I'd day Digbeth is post-industrial actually. The canals, closed factories, desolate emptyness etc can be eerie but there is a certain urban beauty to it. I've never thought it was rough though - it's always been a down to earth Irish quarter ime. Thre are some cracking alehouses there. Mind you now the Council have decided it's the Eastern Quarter it'll no doubt look very different in 5 years time.


----------



## Kidda (Nov 25, 2011)

miss direct said:


> I wouldn't want to live in Digbeth. It's pretty industrial, dark and empty at night. I stayed at a hostel there this year and was too scared to walk back from town, got a taxi instead. Might be different for guys though?


i have to admit i agree with this, i like Digbeth for what it has to offer. But i wouldn't want to live there.


----------



## Smokeandsteam (Nov 25, 2011)

Kidda said:


> i have to admit i agree with this, i like Digbeth for what it has to offer. But i wouldn't want to live there.



I wouldn't either, although I suspect prices will shoot up if the gentrification money continues to flow. I like the new area by the custard factory and the old school boozers down the road


----------



## Blagsta (Nov 25, 2011)

Stirchley is where it's at, Moseley is well poncey these days.


----------



## Smokeandsteam (Nov 25, 2011)

Blagsta said:


> Stirchley is where it's at, Moseley is well poncey these days.

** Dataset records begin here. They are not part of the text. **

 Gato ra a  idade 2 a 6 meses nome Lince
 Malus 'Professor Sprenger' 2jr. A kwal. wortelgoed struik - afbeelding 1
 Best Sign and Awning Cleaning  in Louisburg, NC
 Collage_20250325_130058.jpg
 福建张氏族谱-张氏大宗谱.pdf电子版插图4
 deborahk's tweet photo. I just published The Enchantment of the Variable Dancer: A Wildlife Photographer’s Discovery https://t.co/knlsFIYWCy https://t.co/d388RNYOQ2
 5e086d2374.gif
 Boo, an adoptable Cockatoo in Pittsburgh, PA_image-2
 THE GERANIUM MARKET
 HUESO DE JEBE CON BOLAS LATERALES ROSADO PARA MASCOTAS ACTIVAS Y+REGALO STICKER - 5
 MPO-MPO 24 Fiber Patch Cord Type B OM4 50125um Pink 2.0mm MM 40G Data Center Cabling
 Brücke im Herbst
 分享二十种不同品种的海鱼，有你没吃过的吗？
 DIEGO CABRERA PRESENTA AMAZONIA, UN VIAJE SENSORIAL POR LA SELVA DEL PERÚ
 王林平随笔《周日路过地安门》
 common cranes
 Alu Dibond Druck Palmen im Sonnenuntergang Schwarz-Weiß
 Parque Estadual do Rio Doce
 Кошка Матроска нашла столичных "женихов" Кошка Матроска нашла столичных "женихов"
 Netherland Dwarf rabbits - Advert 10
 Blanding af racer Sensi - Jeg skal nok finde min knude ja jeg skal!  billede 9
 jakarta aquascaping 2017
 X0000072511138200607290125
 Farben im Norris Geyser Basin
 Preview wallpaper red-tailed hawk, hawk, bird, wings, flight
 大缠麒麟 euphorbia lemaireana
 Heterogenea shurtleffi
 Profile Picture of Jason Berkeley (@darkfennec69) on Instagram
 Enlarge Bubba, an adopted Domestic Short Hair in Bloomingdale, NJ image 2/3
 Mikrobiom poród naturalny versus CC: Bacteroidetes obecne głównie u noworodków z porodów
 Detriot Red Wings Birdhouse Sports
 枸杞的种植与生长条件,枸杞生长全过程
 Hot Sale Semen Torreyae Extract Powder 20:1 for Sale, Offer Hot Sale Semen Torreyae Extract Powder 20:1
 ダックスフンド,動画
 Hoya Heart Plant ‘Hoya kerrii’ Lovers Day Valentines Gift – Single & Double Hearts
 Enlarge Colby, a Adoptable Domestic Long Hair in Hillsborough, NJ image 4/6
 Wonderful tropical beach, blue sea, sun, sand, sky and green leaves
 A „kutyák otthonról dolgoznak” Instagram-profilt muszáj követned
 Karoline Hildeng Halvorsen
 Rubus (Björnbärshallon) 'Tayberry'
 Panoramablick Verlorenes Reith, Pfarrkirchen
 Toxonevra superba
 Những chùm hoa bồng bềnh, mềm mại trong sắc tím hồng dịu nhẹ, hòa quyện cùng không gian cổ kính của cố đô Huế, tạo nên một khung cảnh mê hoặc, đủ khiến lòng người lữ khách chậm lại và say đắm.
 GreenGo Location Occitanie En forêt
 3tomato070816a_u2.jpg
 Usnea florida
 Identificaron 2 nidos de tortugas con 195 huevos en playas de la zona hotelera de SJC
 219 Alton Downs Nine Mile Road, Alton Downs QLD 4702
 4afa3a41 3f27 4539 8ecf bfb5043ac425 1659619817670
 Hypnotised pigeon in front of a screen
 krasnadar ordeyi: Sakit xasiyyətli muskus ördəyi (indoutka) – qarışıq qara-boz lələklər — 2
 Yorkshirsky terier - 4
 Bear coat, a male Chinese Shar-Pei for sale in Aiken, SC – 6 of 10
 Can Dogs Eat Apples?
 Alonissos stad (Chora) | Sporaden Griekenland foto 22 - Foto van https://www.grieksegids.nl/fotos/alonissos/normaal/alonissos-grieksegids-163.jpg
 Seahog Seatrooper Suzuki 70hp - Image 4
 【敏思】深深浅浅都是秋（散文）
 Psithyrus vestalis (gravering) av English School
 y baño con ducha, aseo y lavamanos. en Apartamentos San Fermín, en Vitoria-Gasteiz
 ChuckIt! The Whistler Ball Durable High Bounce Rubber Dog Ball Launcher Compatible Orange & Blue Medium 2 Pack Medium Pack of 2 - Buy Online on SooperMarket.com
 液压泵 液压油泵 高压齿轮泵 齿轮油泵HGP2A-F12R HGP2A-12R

It's not what is was compred to the jug of ale days but it still has its moments. Not sure what's 'at' Stirchley but whatever it is has passed me by.


----------



## Blagsta (Nov 25, 2011)

Moseley ponces aren't at Stirchley. That's the main attraction. 

I never rated the Jug anyway.

The Aardvark, now there was a place.


----------



## Smokeandsteam (Nov 25, 2011)

Blagsta said:


> Moseley ponces aren't at Stirchley. That's the main attraction.
> 
> I never rated the Jug anyway.
> 
> The Aardvark, now there was a place.



Aye


----------



## Blagsta (Nov 25, 2011)

Do we know each other?


----------



## Kidda (Nov 25, 2011)

Blagsta said:


> Moseley ponces aren't at Stirchley. That's the main attraction.
> 
> I never rated the Jug anyway.
> 
> The Aardvark, now there was a place.


The jug is about to be turned into an Indian restaurant.


----------



## Maurice Picarda (Nov 25, 2011)

Kidda said:


> The jug is about to be turned into an Indian restaurant.



Bastards! I worked there for a few years. Are they throwing Arthur Tapp and all his crappy bands out into the street?


----------



## Blagsta (Nov 25, 2011)

Maurice Picarda said:


> Bastards! I worked there for a few years. Are they throwing Arthur Tapp and all his crappy bands out into the street?



The Jug closed a couple of years ago.  It's been empty since.


----------



## Blagsta (Nov 25, 2011)

Kidda said:


> The jug is about to be turned into an Indian restaurant.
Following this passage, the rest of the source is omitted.